Containers as kernel objects — again

Posted Feb 22, 2019 20:26 UTC (Fri) by jejb (subscriber, #6654)
In reply to: Containers as kernel objects — again by jhoblitt
Parent article: Containers as kernel objects — again

OK, so it is possible to set up unprivileged docker and a few people are doing it. I always use unprivileged containers for my use case as well. However, I don't think you would argue that the number of people doing any form of unprivileged containers is dwarfed by the number of people who simply add privilege to the standard docker container to make it work (and usually this means real root). This is known to be a huge source of security issues (the latest being the runc CVE) but people do it anyway. Therefore, I stand by my statement that if you were to enforce the container description to be what the majority do today it would be without the user namespace. I'm in no way arguing this is right, and it's definitely not secure, but it is the majority container construction.

The meta point here, I think, is that the notion we've been experimenting long enough to have an idea of what a good container construction consists of is actually wrong and we're still need to experiment further. Which also means we really don't yet want to be pejorative about container constructions at the kernel level because that hobbles the experimentation.

Containers as kernel objects — again

Posted Feb 22, 2019 20:33 UTC (Fri) by bfields (subscriber, #19510) [Link] (4 responses)

I'm confused. David's container_create() still has a flags argument allowing the caller to choose which namespaces to inherit. So you're free to either create a new user namespace or not.

Containers as kernel objects — again

Posted Feb 22, 2019 20:47 UTC (Fri) by jejb (subscriber, #6654) [Link] (3 responses)

> I'm confused.
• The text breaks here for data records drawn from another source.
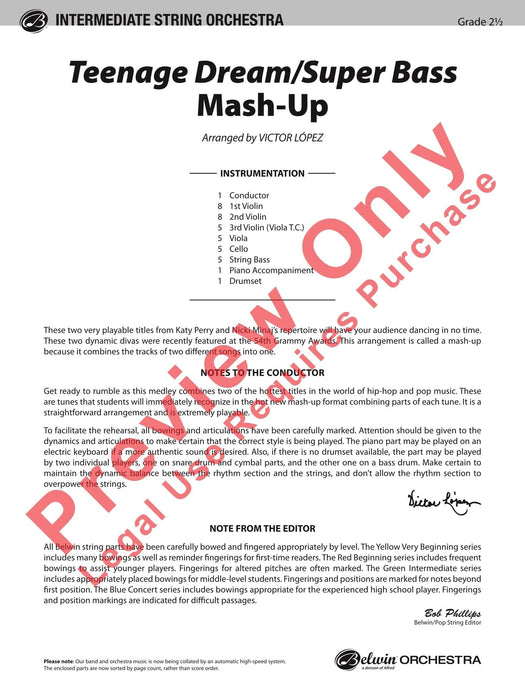 Teenage Dream / Super Bass Mash-Up | 小雅音樂 Hsiaoya Music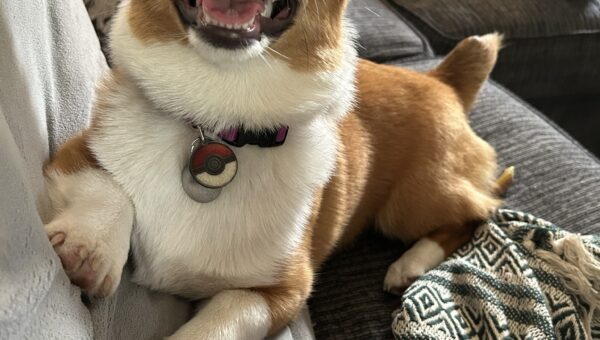 Evie every day
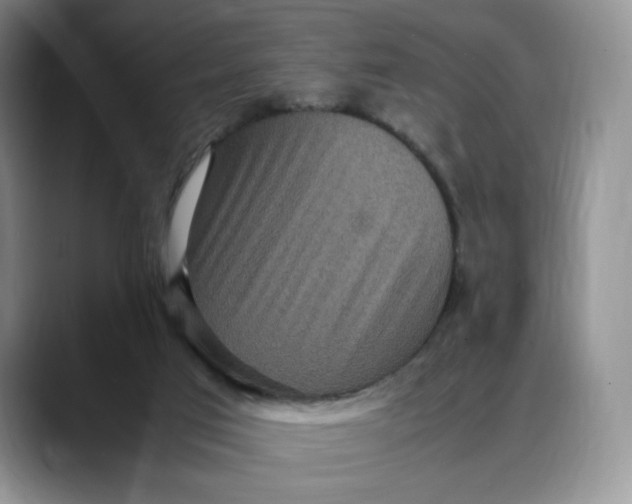 X0000088420017200706121441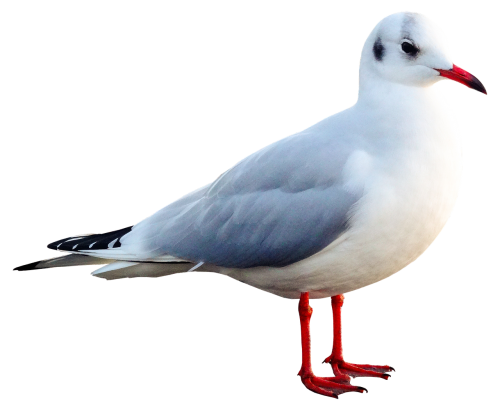 seagull bird animal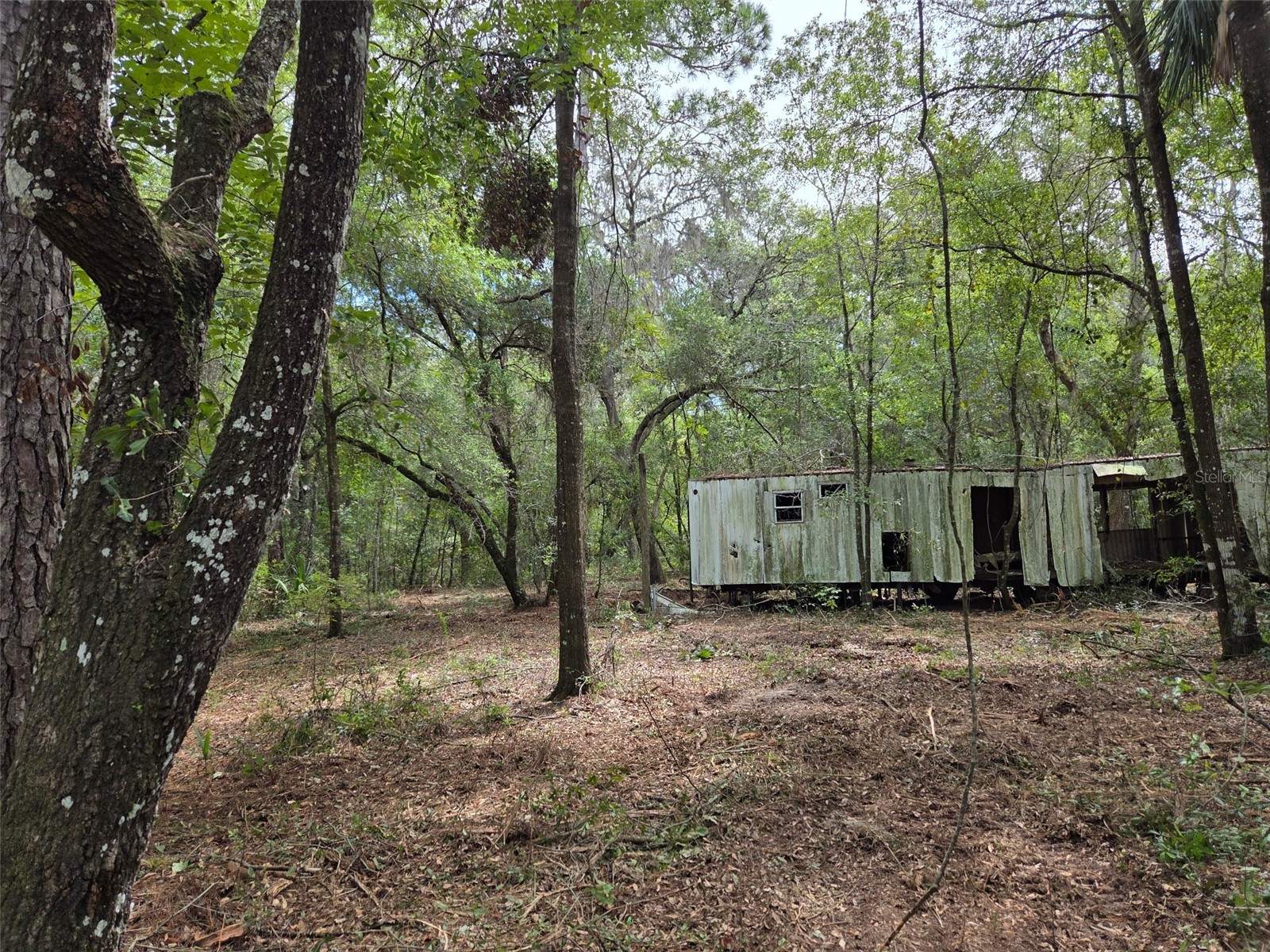 8903 SE 225th Drive Hawthorne FL 32640 GC529258 image8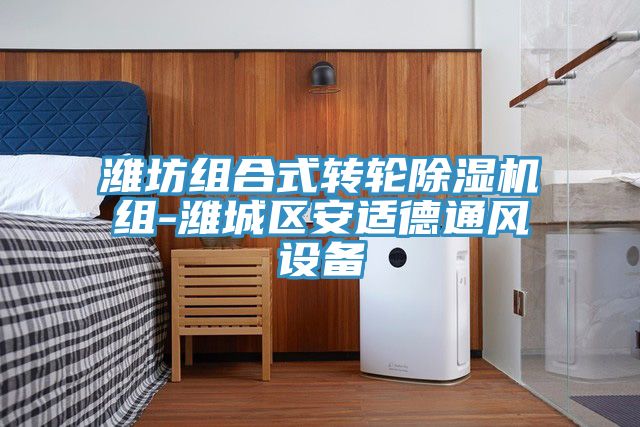濰坊組合式轉輪榴莲视频官网APP組-濰城區安適德通風設備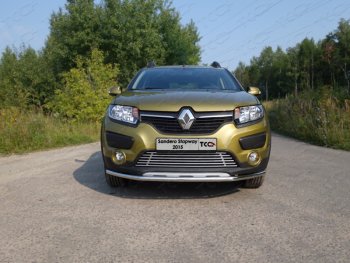 7 699 р. Нижняя декоративная вставка в бампер ТСС Тюнинг  Renault Sandero Stepway  (B8) (2014-2018) дорестайлинг (d 12 мм)  с доставкой в г. Владивосток. Увеличить фотографию 1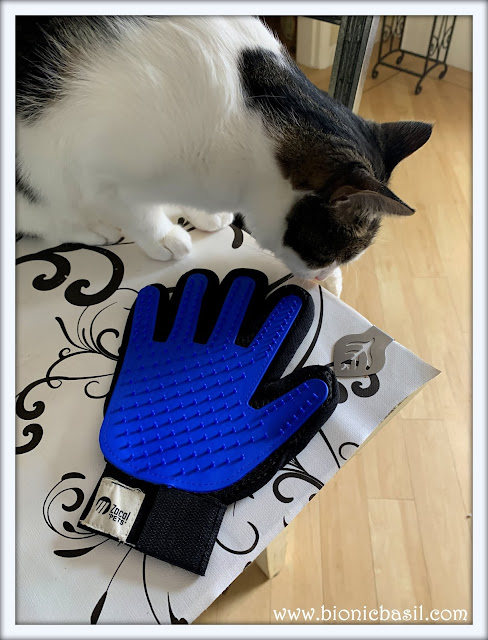 WHAT'S IN THE BOX Cute Cat Collars and Grooming Glove from Zacal @BionicBasil®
David's container_create() still has a flags argument allowing the caller to choose which namespaces to inherit. So you're free to either create a new user namespace or not.

Allowing limited flexibility over the current interface doesn't make it non-pejorative. For instance:

1. It has a concept of init meaning it seems to require the PID namespace regardless of the flag.
2. requiring init also requires a container be populated by at least one process. This seems to completely deny the current concept of bind mounting a namespace (i.e. creating an empty container)
3. Nesting doesn't seem to be thought through
4. In kubernetes terms is your container id the container or the pod? The common audit use case seems to imply it should be the pod.
And so on ...

As I said: you can regard the above as bugs or features, but you can't deny it introduces a pejorative view of a kernel container.

Containers as kernel objects — again

Posted Feb 23, 2019 17:22 UTC (Sat) by drag (guest, #31333) [Link]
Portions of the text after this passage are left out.